## RECORDS SHOWN
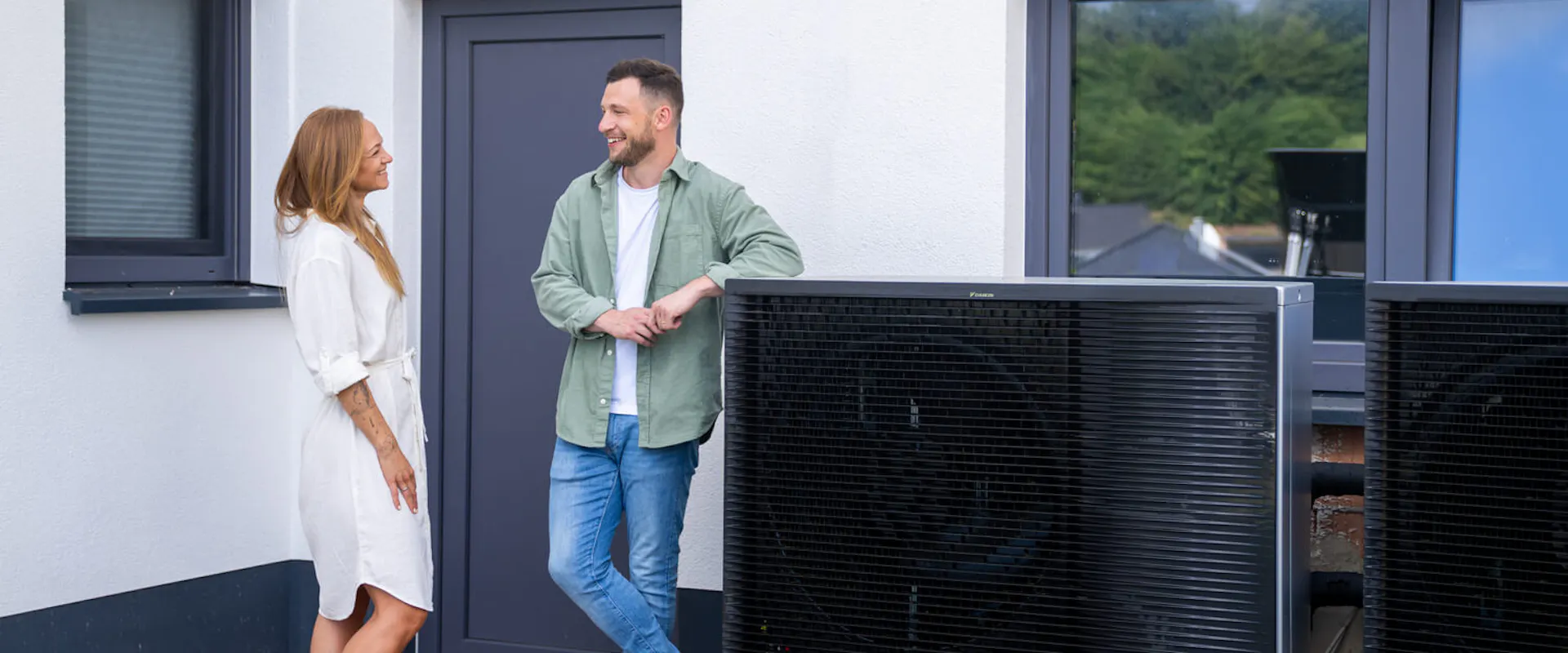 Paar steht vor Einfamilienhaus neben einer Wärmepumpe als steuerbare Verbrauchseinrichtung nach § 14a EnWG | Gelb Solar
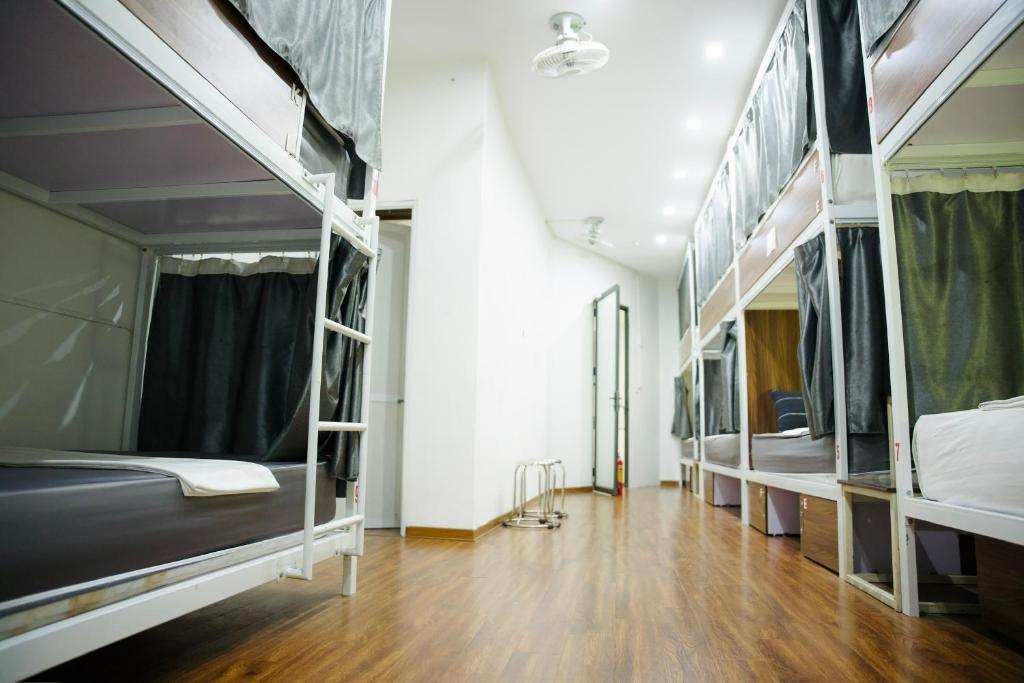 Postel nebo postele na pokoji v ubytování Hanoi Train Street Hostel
---
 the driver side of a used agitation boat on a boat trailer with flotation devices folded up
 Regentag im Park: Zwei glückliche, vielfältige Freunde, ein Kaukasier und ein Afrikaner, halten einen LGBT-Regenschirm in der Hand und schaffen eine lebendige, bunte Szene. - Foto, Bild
--
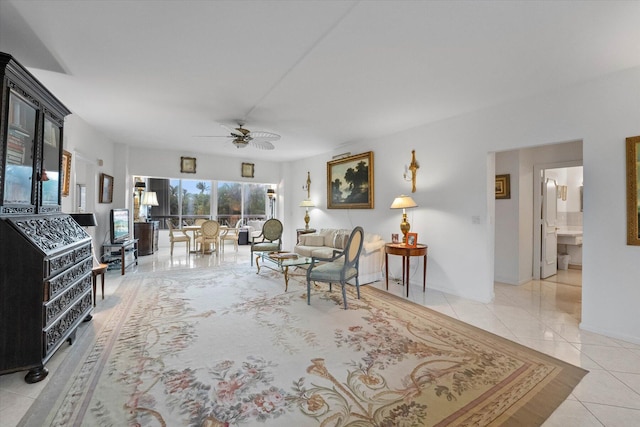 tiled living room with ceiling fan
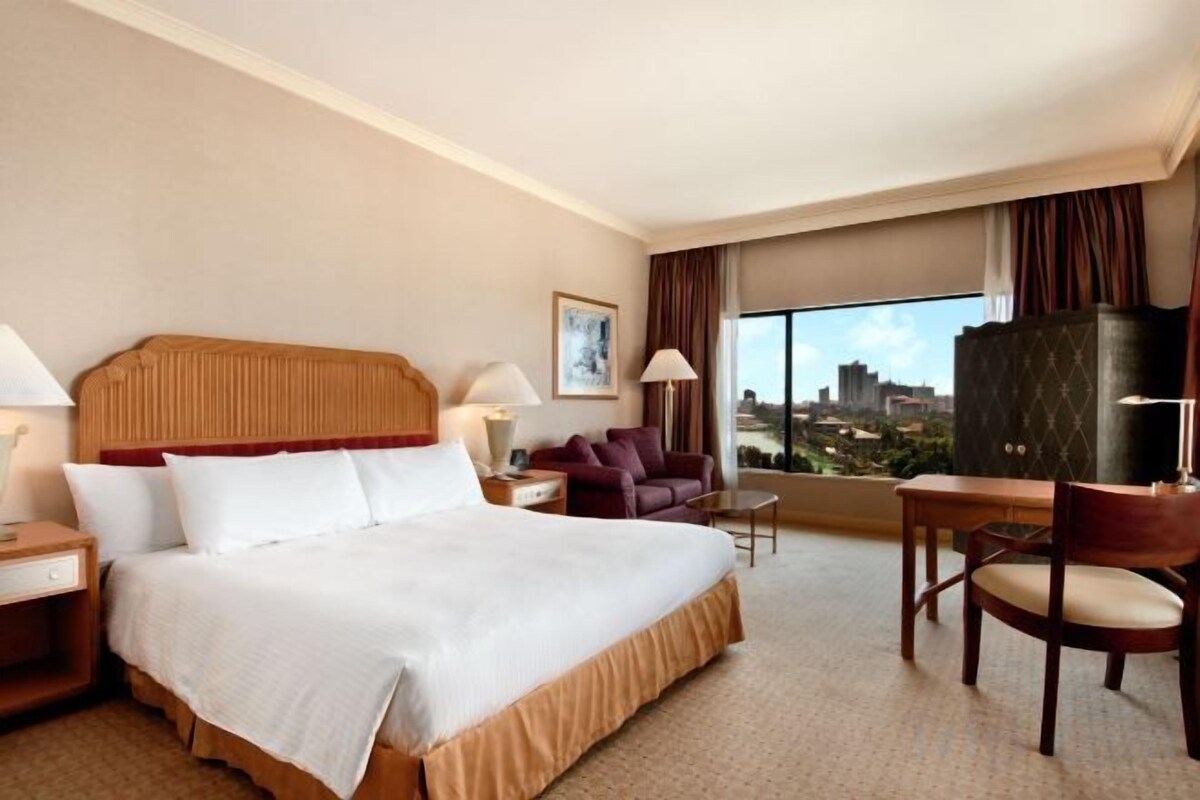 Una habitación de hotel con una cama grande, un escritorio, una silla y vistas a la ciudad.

## REQUIRED WORK
Return exactly the lines that appear in the data above between the line containing "Paar steht vor" and the line containing "Postel nebo postele", both of which are included, and leave the pictures out.

## EXERCISE OUTPUT
 Paar steht vor Einfamilienhaus neben einer Wärmepumpe als steuerbare Verbrauchseinrichtung nach § 14a EnWG | Gelb Solar
 Postel nebo postele na pokoji v ubytování Hanoi Train Street Hostel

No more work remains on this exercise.